*** SOURCE MATERIAL ***

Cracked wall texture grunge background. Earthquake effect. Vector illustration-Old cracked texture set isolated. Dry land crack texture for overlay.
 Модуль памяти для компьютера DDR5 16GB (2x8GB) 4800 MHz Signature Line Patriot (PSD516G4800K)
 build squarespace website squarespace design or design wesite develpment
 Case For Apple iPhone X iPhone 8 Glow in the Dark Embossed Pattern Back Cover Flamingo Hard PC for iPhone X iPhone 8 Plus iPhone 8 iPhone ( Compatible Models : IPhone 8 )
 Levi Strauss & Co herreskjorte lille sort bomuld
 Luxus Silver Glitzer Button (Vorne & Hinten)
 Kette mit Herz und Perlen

*** End of SOURCE MATERIAL ***

### EXERCISE BRIEF
Every line from the one that has "Case For Apple" down to the last line above must be written out exactly, with both ends included and nothing else.

### RESPONSE TO THIS TASK
 Case For Apple iPhone X iPhone 8 Glow in the Dark Embossed Pattern Back Cover Flamingo Hard PC for iPhone X iPhone 8 Plus iPhone 8 iPhone ( Compatible Models : IPhone 8 )
 Levi Strauss & Co herreskjorte lille sort bomuld
 Luxus Silver Glitzer Button (Vorne & Hinten)
 Kette mit Herz und Perlen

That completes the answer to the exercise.